*INSTRUCTIONS FOR THE TASK*.
If pictures appear, leave them out, and return exactly the lines from the one holding "Preview: Beautiful Mountains" through the last line of the listing below.
#### EXTRACTED ENTRIES
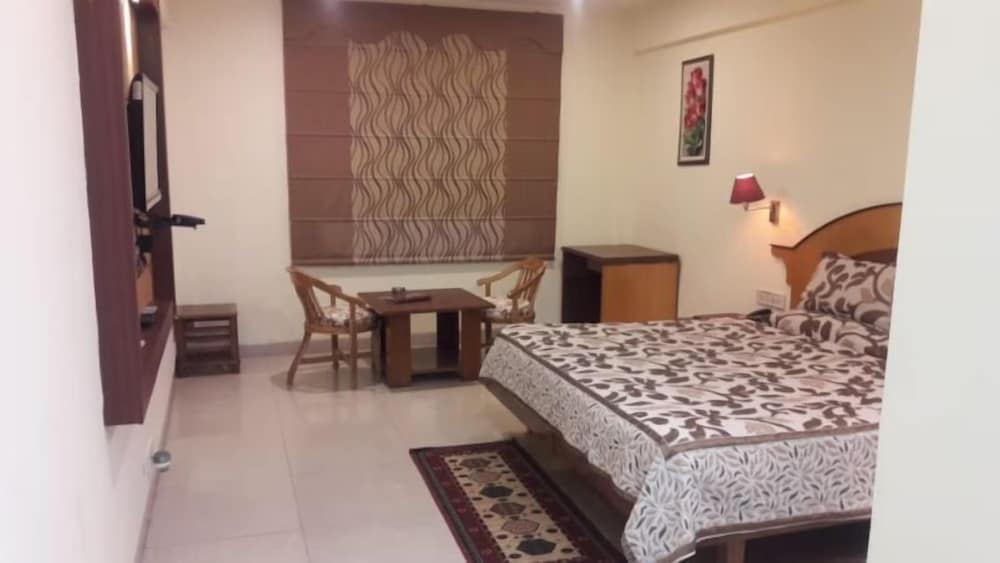 Deluxe Room - Photo 4
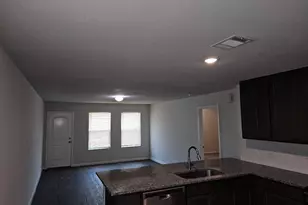 15118 Sorrento Bay Cir, Willis, TX 77318 - Photo 4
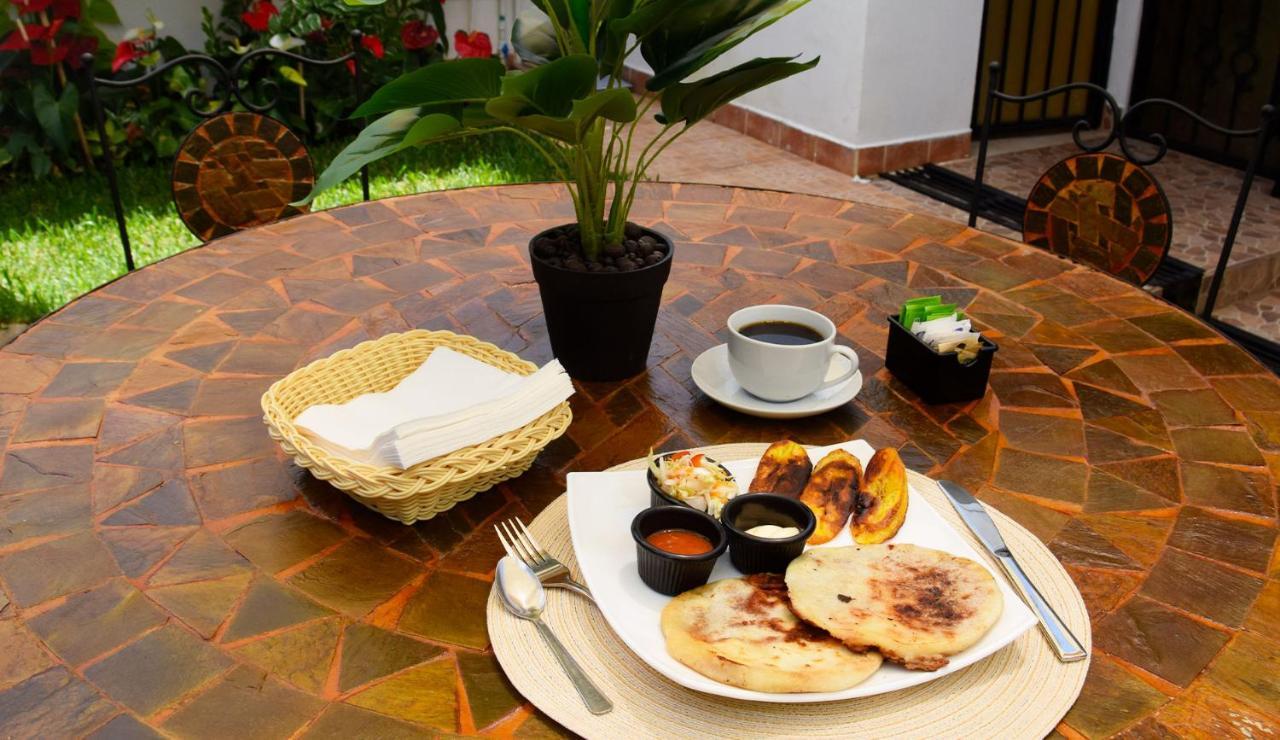 Trebol Amarillo Bed & Breakfast Escazu ภายนอก รูปภาพ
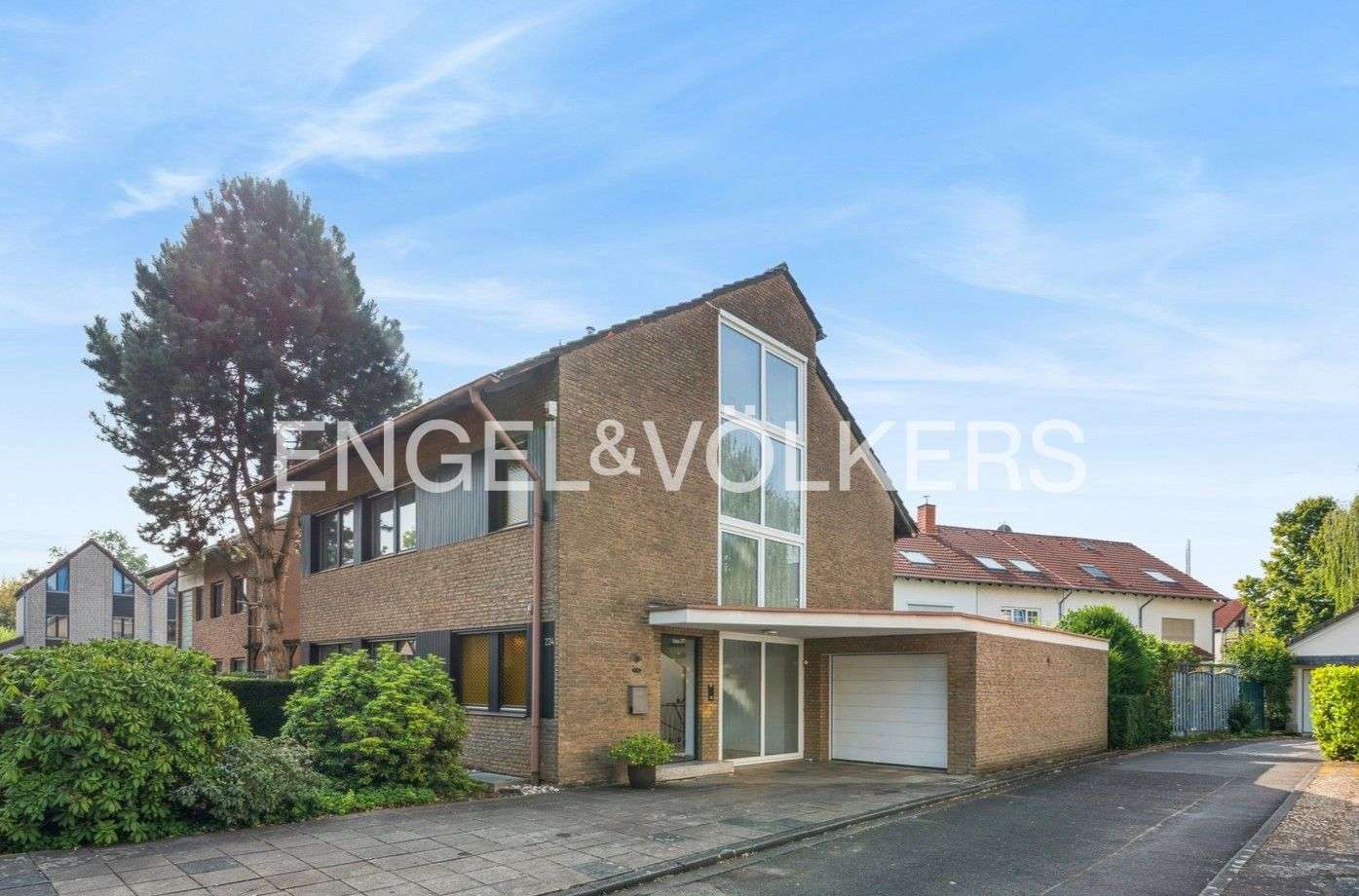 7 rooms House in Rhein-Erft, Germany No. 290234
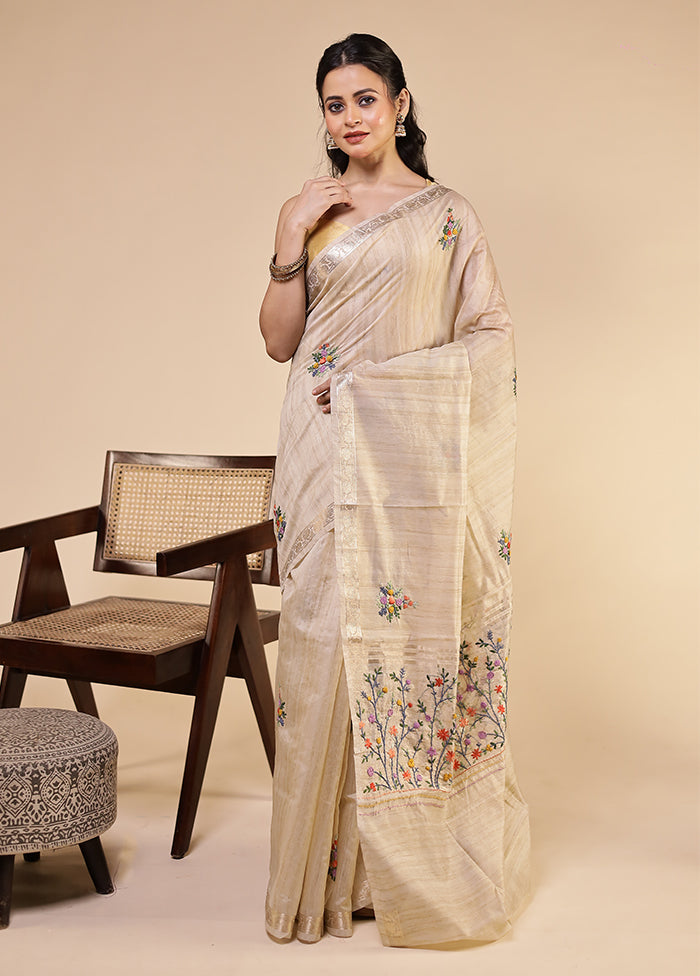 Cream Tussar Silk Saree With Blouse Piece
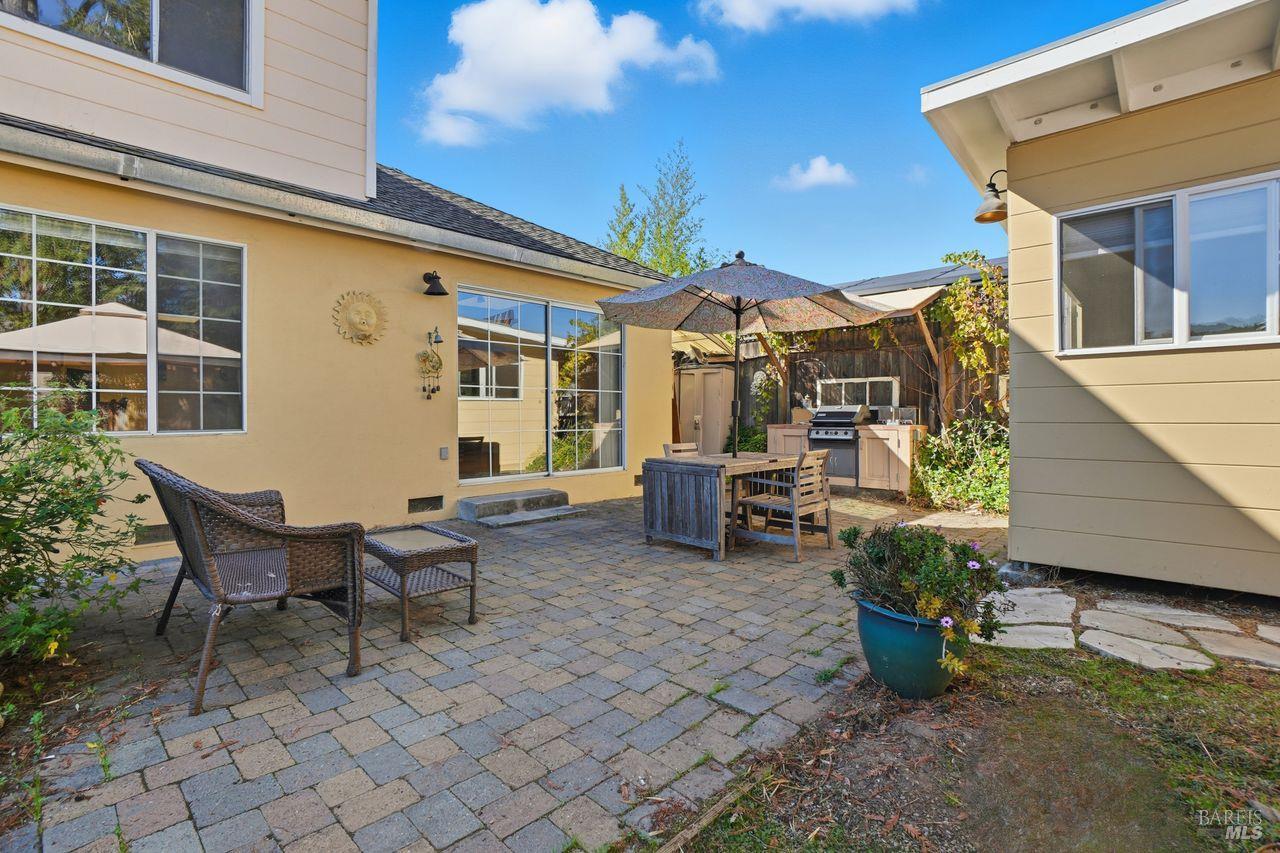 Detail Gallery Image 27 of 45 For 85 San Carlos Way, Novato,  CA 94945 - 4 Beds | 3 Baths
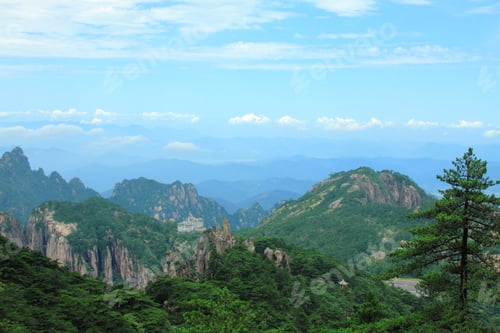 Preview: Beautiful Mountains Cloudy Huangshan National Park The Legendary Yellow Mountains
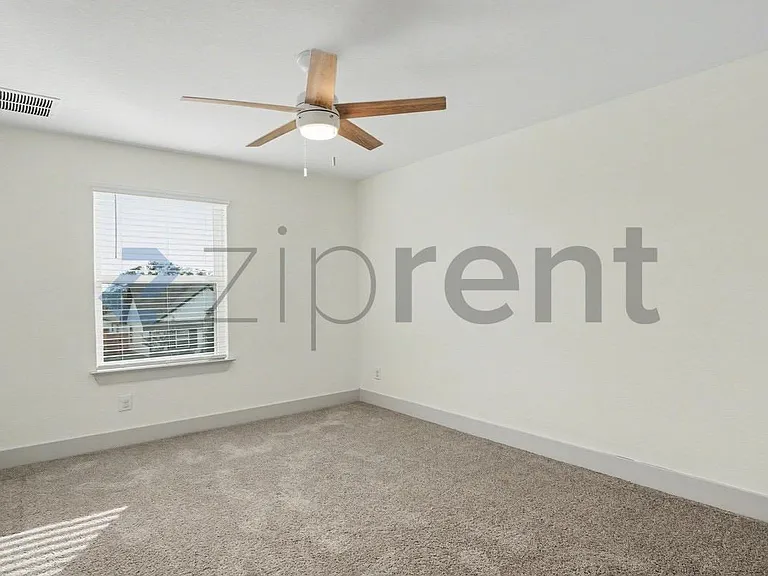 4518 Lampasas Flts — Photo 23
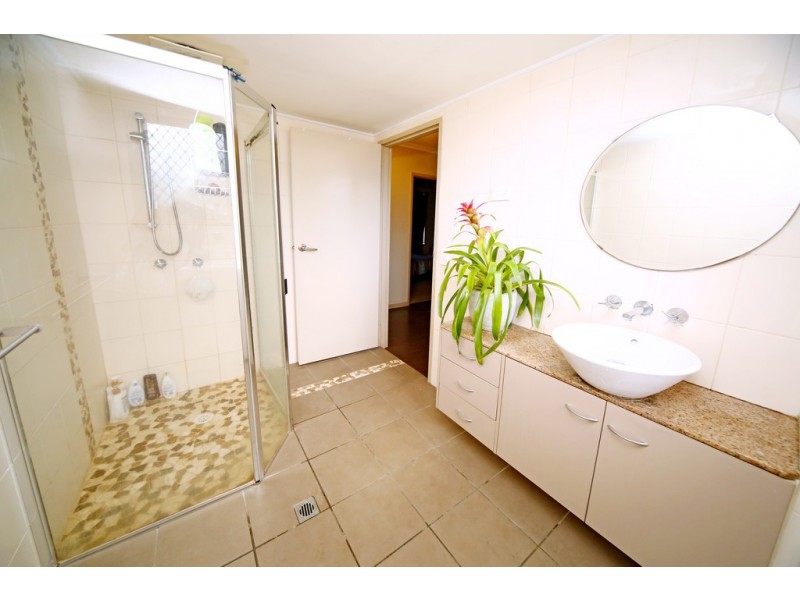 3/43 Chelsea Ave, Broadbeach QLD 4218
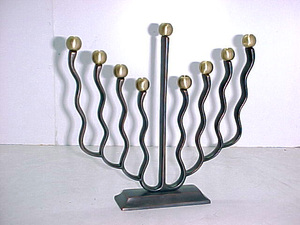 Soporte de latón para velas Menorah, soporte de vela artesanal irrompible, forma personalizada, calidad de alta estándar - Product Image 4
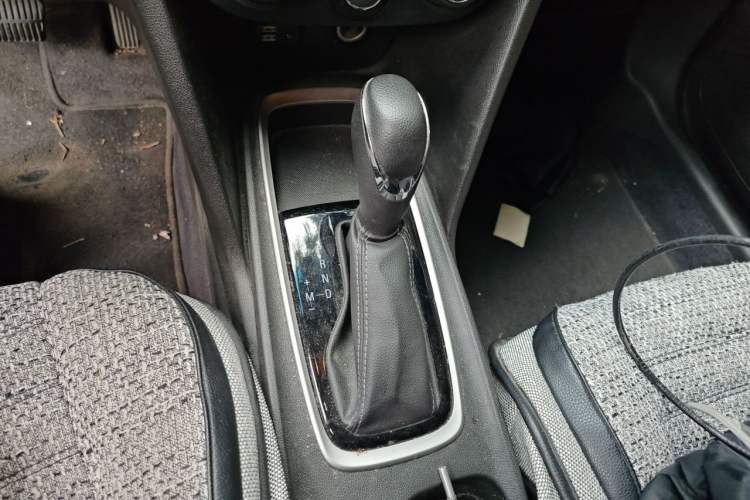 Used Chevrolet Monza 2020 320 Automatic Enjoyment Edition Gear Lever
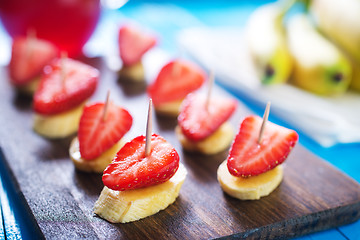 Image showing canape with fruits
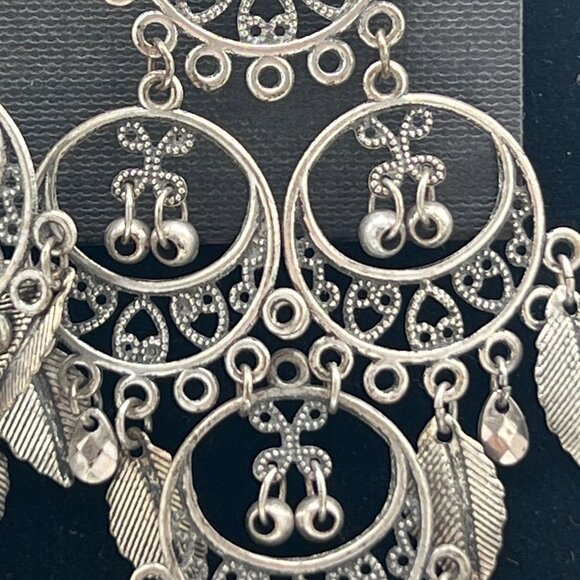 Cookie Lee Feathered Chandelier Earrings Silver-Tone With Leaf & Filigree Design - Picture 2 of 5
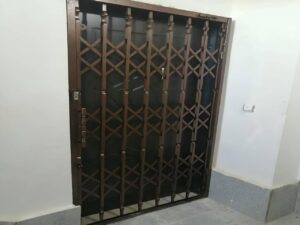 نصب درب آکاردئونی ضد سرقت
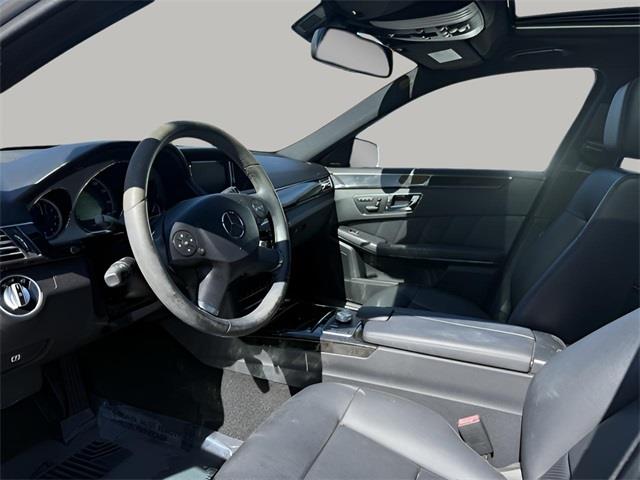 2011 Mercedes-Benz E-Class E350 4MATIC Luxury photo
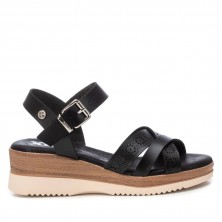 Sandalia de mujer XTI 143851 Negro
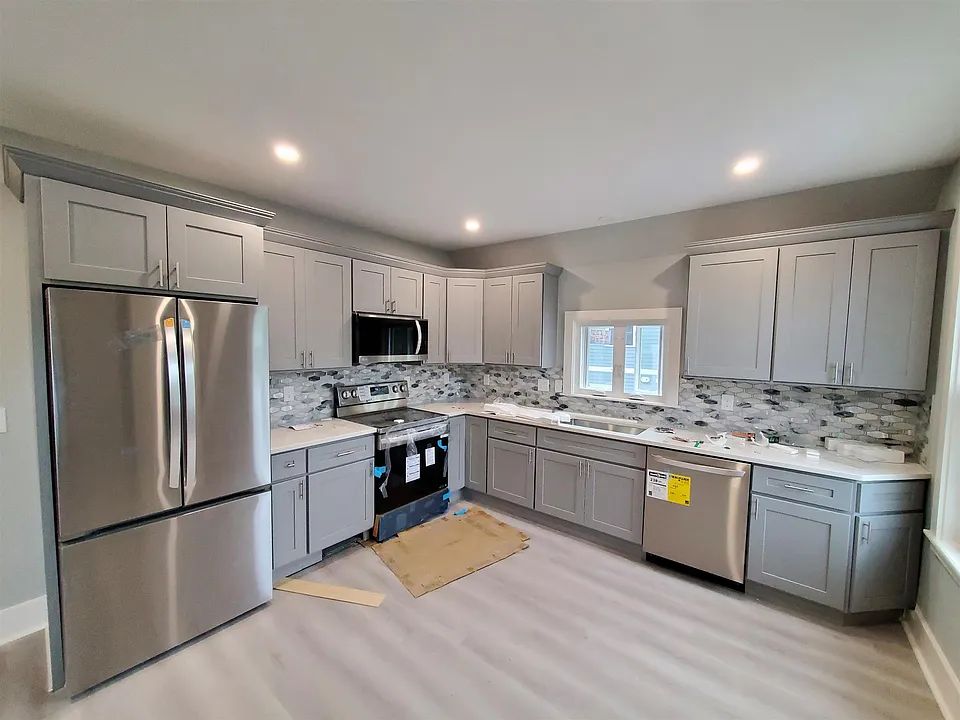 146 Highland Ave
########
*ANSWER SECTION*.
 Preview: Beautiful Mountains Cloudy Huangshan National Park The Legendary Yellow Mountains
 4518 Lampasas Flts — Photo 23
 3/43 Chelsea Ave, Broadbeach QLD 4218
 Soporte de latón para velas Menorah, soporte de vela artesanal irrompible, forma personalizada, calidad de alta estándar - Product Image 4
 Used Chevrolet Monza 2020 320 Automatic Enjoyment Edition Gear Lever
 Image showing canape with fruits
 Cookie Lee Feathered Chandelier Earrings Silver-Tone With Leaf & Filigree Design - Picture 2 of 5
 نصب درب آکاردئونی ضد سرقت
 2011 Mercedes-Benz E-Class E350 4MATIC Luxury photo
 Sandalia de mujer XTI 143851 Negro
 146 Highland Ave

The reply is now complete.